BEGIN DATA FOR ANALYSIS
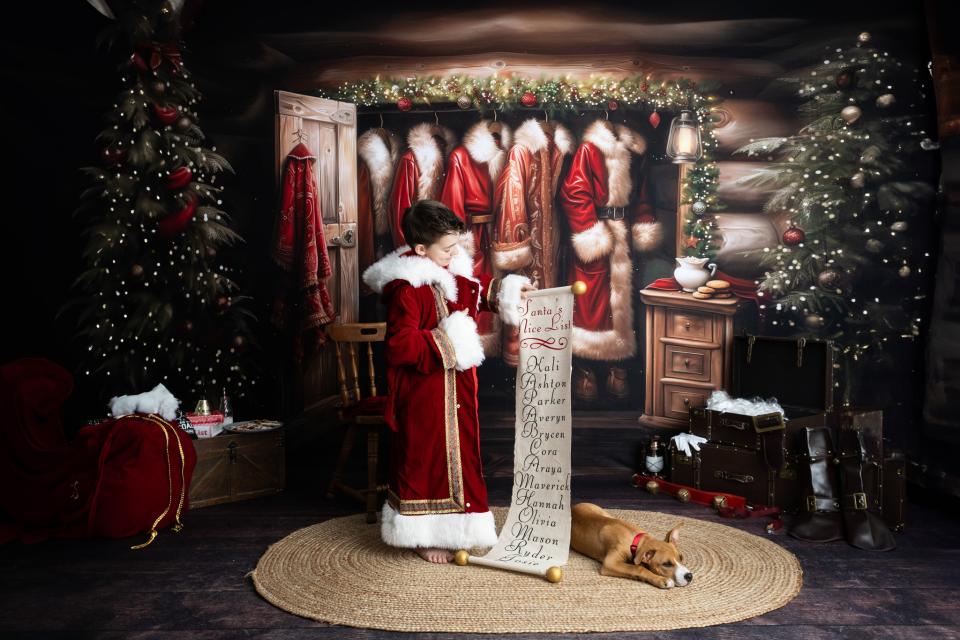 Santa's Rustic Cabin Closet Flipped (MD)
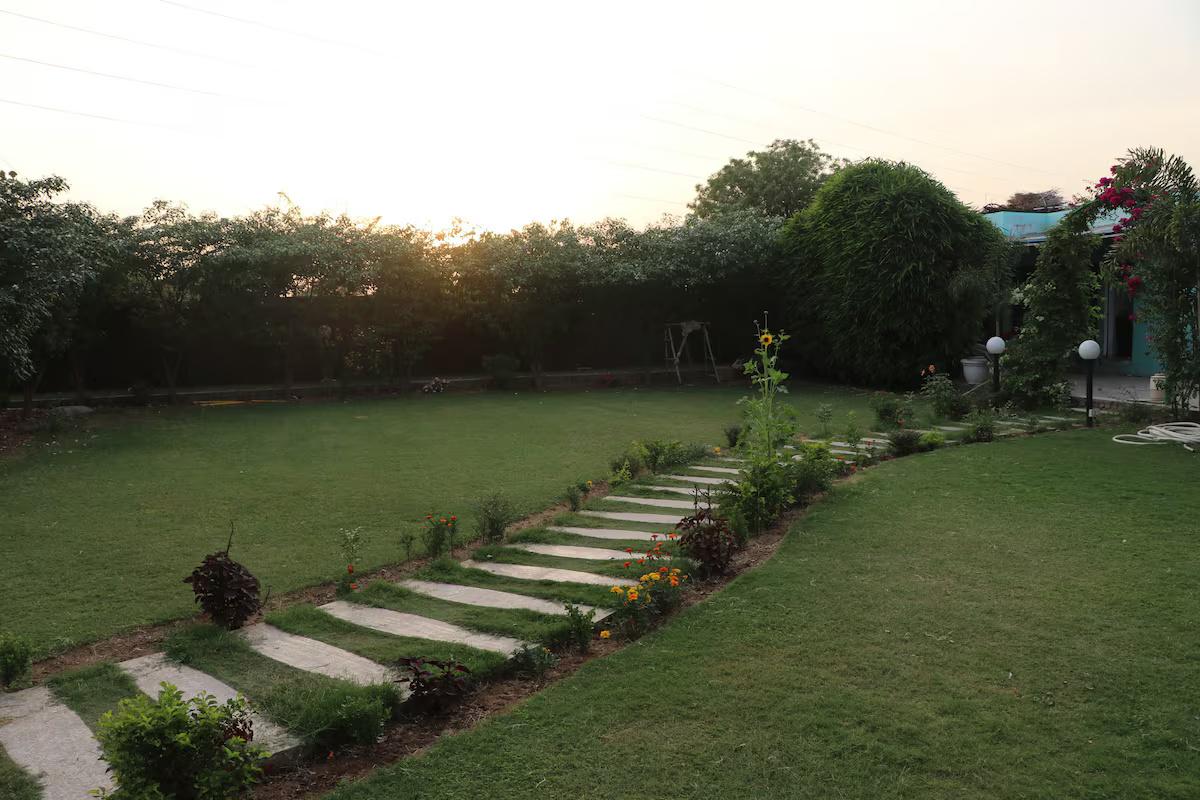 Luxury Farmhouse with Pool in the Aravalli Hills x Solis Nature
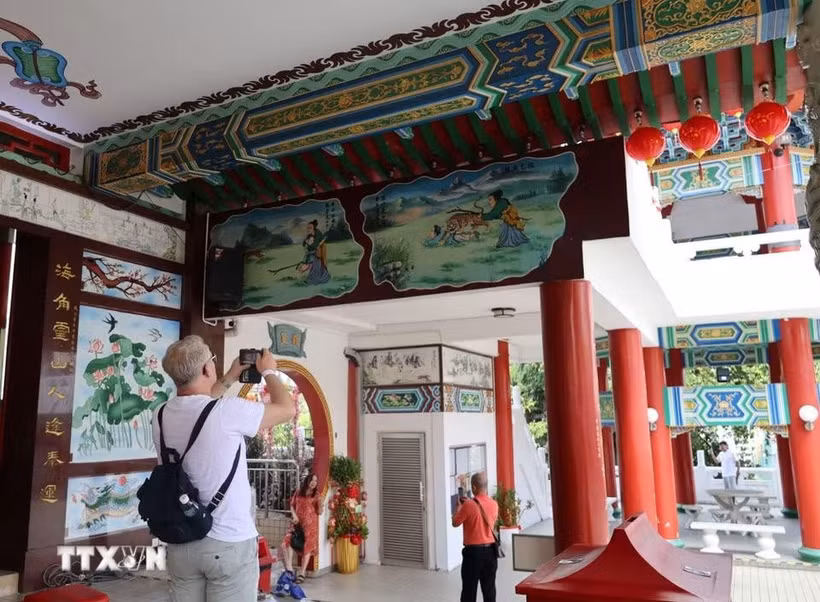 Visitors explore Thean Hou Temple, one of Kuala Lumpur’s popular cultural and tourist attractions. (Illustrative photo: VNA)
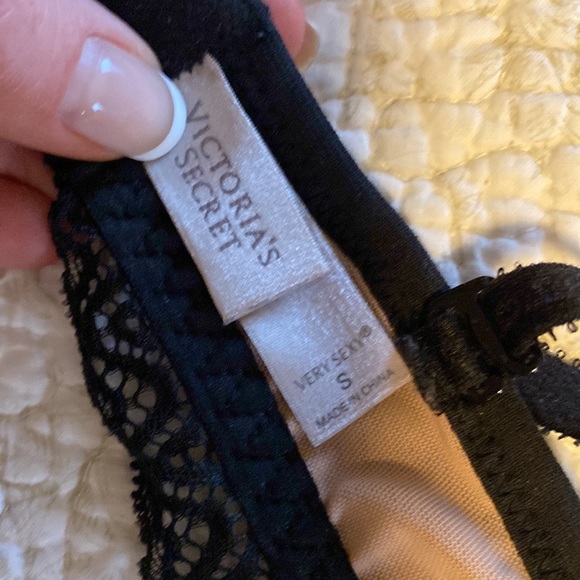 Black Lace Very Sexy Corset Bra - Picture 11 of 13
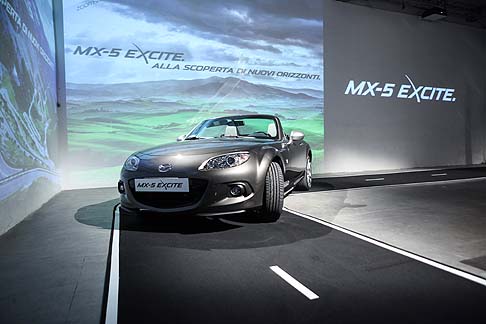 Mazda - Un 2013 davvero entusiasmante sul fronte delle vendite sta rendendo Mazda uno dei marchi più appetibili nel Vecchio Continente, nonostante la crisi economica imperante e l’imponente presenza di numerosi modelli sul mercato.  width=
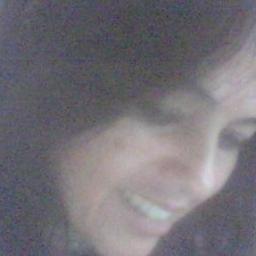 Amo esportes...,sou perseverante...,e tenho uma filha linda bencao de DEUS na minha vida.Acredito ainda na forca do amor!
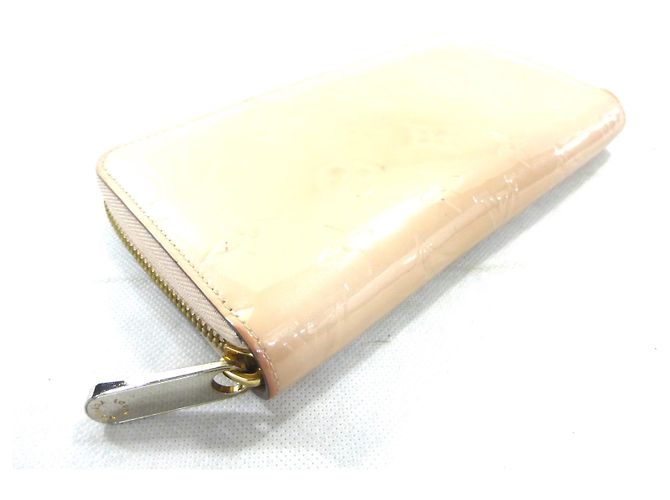 Louis Vuitton Zippy Charol Polvo Beige - ES4103 - vista 5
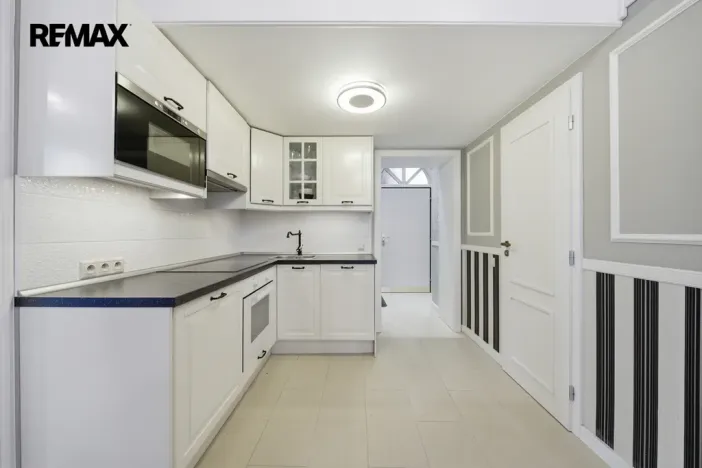 Prodej bytu 2+kk, Karlovy Vary, Krále Jiřího, 49 m2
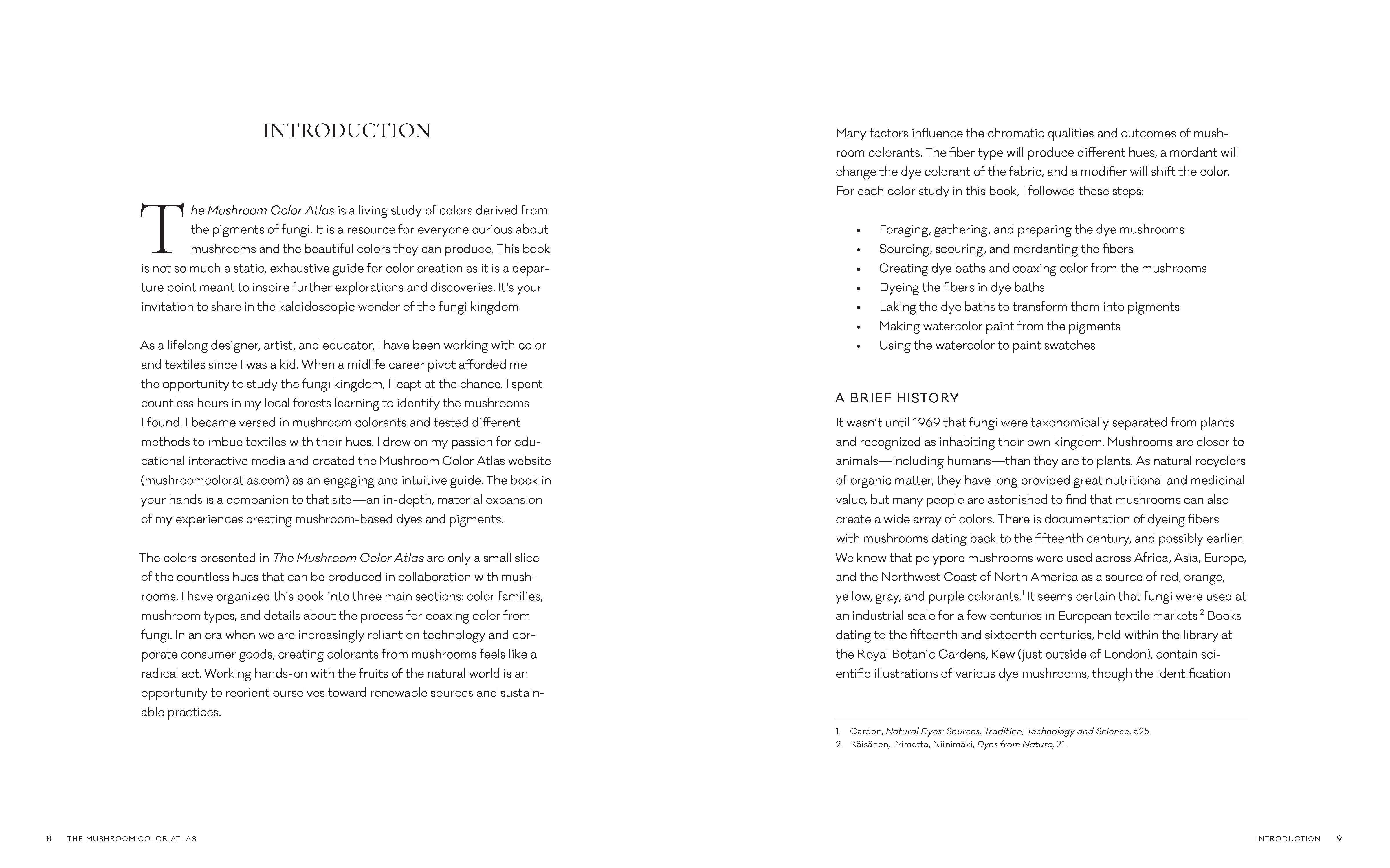 Chronicle Books - Wholesale Nature & Outdoors - Mushroom Color Atlas6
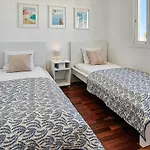 Dom wakacyjny Townhouse With Roof Terrace Near *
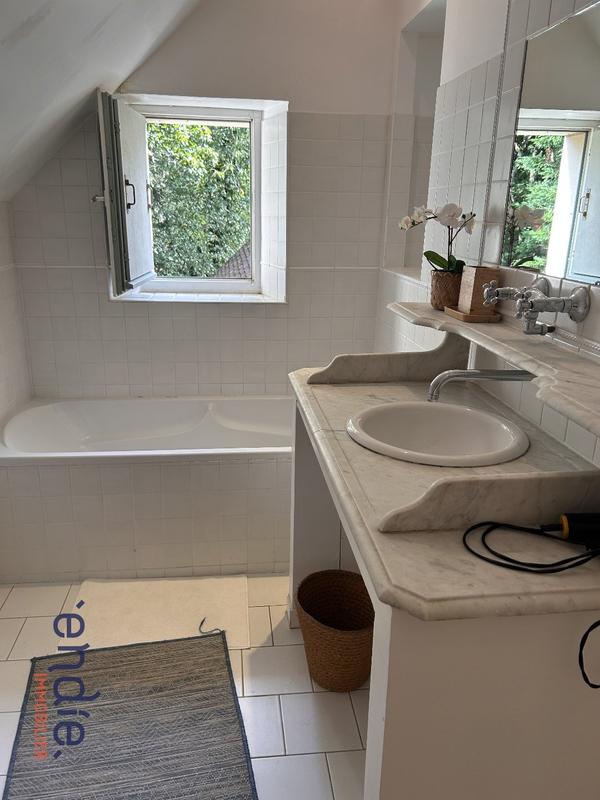 Maison - 190 m² - 8 pièces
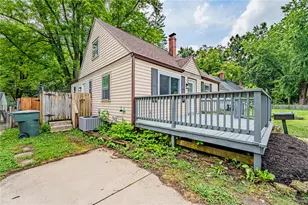 1000 Cosler Dr, Dayton, OH 45403 - Photo 3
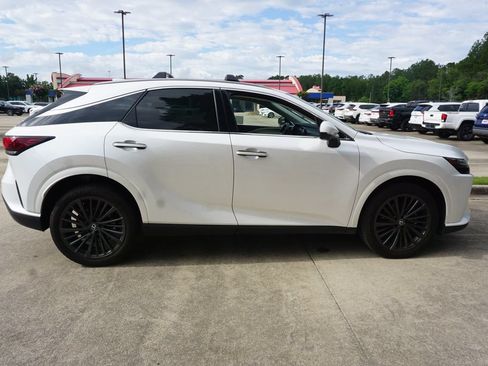 Used 2024 Lexus RX 350 Premium w/ Convenience Package FWD image 25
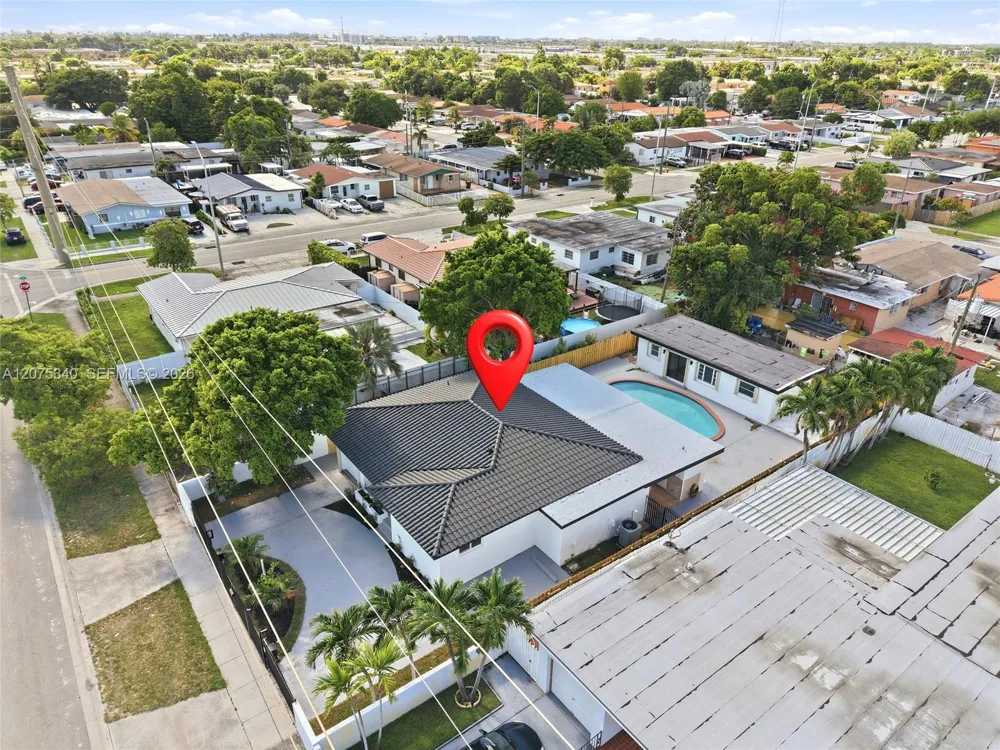 275 W 13th St Hialeah, FL 33010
END DATA FOR ANALYSIS
** WHAT THIS TASK INVOLVES **
Restate word for word every line from the top of the entries above to the line with "Black Lace Very", inclusive, and skip any pictures.

** ANSWER TO THIS TASK **
 Santa's Rustic Cabin Closet Flipped (MD)
 Luxury Farmhouse with Pool in the Aravalli Hills x Solis Nature
 Visitors explore Thean Hou Temple, one of Kuala Lumpur’s popular cultural and tourist attractions. (Illustrative photo: VNA)
 Black Lace Very Sexy Corset Bra - Picture 11 of 13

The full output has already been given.